1. The effects of KAD-1229 (a novel non-sulphonylurea agent), voglibose (an alpha-glucosidase inhibitor) and nateglinide (a non-sulphonylurea antihyperglycaemic agent) on hyperglycaemia induced by a meal load were assessed in diabetic rats. 2. KAD-1229 suppressed the increase in plasma glucose levels seen after a meal load and the area under the curve for plasma glucose levels (AUCglucose) up to 5 h after the meal load. 3. Voglibose also suppressed the increase in plasma glucose Motilium Domperidone Medicine levels; however, a significant decrease in AUCglucose following voglibose was not observed. 4. Nateglinide suppressed the increase in plasma glucose levels at 30 min and 1 h after the meal load; however, plasma glucose levels was above control thereafter and the AUCglucose was not decreased. 5. The results indicate that KAD-1229 has an antihyperglycaemic effect and KAD-1229 is suggested to be a suitable agent for controlling post-prandial hyperglycaemia.

starlix drug 2016-03-08

This study was performed in 58, insulin naïve type 2 diabetes. After fasting glucose was optimized by insulin glargine, nateglinide or acarbose was initiated and then crossed over after second wash out period. 75 g oral glucose tolerance test and 7 point self monitoring blood glucose for 3 days at the end Stromectol Online Uk of each period was performed.

starlix 60 mg 2017-08-23

Using historical clinical values to calculate diabetes risk reduces the accuracy of prediction. Diabetes risk calculations should be routinely updated to inform discussions about diabetes prevention at both the patient and population health Cymbalta Interaction Alcohol levels.

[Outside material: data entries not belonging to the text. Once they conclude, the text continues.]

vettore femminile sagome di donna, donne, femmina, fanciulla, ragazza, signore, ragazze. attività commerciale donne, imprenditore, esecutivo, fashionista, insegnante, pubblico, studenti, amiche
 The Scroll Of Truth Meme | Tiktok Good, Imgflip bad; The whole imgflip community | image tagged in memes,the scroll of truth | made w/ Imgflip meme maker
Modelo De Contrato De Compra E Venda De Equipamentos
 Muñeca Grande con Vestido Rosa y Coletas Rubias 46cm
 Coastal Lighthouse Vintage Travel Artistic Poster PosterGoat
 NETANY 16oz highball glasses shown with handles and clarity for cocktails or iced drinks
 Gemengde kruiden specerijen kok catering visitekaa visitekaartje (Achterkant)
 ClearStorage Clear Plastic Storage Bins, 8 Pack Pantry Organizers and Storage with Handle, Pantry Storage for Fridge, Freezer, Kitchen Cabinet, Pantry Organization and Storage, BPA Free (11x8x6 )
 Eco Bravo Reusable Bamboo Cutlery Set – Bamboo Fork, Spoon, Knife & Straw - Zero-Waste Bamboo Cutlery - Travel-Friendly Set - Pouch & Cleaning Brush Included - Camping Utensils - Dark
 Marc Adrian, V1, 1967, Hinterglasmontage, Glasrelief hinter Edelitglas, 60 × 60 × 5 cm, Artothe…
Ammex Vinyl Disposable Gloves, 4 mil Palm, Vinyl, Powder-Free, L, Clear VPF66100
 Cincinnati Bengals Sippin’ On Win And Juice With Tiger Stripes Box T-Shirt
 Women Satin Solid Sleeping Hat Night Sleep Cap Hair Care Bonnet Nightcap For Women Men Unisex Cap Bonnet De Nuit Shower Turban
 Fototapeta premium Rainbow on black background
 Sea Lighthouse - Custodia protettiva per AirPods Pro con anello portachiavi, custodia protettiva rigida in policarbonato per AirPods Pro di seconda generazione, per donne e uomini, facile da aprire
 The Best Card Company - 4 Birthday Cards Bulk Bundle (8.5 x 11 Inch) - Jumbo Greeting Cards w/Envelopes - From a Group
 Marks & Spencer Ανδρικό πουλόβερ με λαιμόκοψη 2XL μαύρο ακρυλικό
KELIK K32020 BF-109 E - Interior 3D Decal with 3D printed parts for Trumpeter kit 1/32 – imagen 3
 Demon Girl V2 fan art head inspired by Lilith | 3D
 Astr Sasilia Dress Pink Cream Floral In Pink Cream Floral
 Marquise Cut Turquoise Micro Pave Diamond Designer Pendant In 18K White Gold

starlix and alcohol 2016-07-21

The RQ values in the patients treated with nateglinide, were similar to those in healthy adults, but was lower than in those treated with SU. No weight gain was observed in patients treated with nateglinide Zithromax Uses Medication .

starlix medication 2017-04-17

We examined changes in the ultrastructure and localization of major extracellular matrix components, including Levitra Cost Canada 5 types of collagen (type I, III, IV, VI, and VIII), laminin, fibronectin, and heparan sulfate proteoglycan in Descemet's membrane of the cornea of diabetic GK rats. In the cornea of diabetic GK rats, more long-spacing collagen fibrils were observed in Descemet's membrane than in the membrane of the nondiabetic Wistar rats. Both GK and Wistar rats showed an age-dependent increase in the density of the long-spacing collagen. Immunoelectron microscopy showed that type VIII collagen was localized in the internodal region of the long-spacing collagen, which was not labelled by any of the other antibodies used. The antidiabetic agents nateglinide and glibenclamide significantly suppressed the formation of the long-spacing collagen in the diabetic rats. Long-spacing collagen would thus be a useful indicator for studying diabetic changes in the cornea and the effect of antidiabetic agents.

starlix generic 2017-07-09

OATP1B1 and OATP1B3 may have contributed to the hepatic uptake of nateglinide, but the possibility of drug-drug interactions appeared to be low.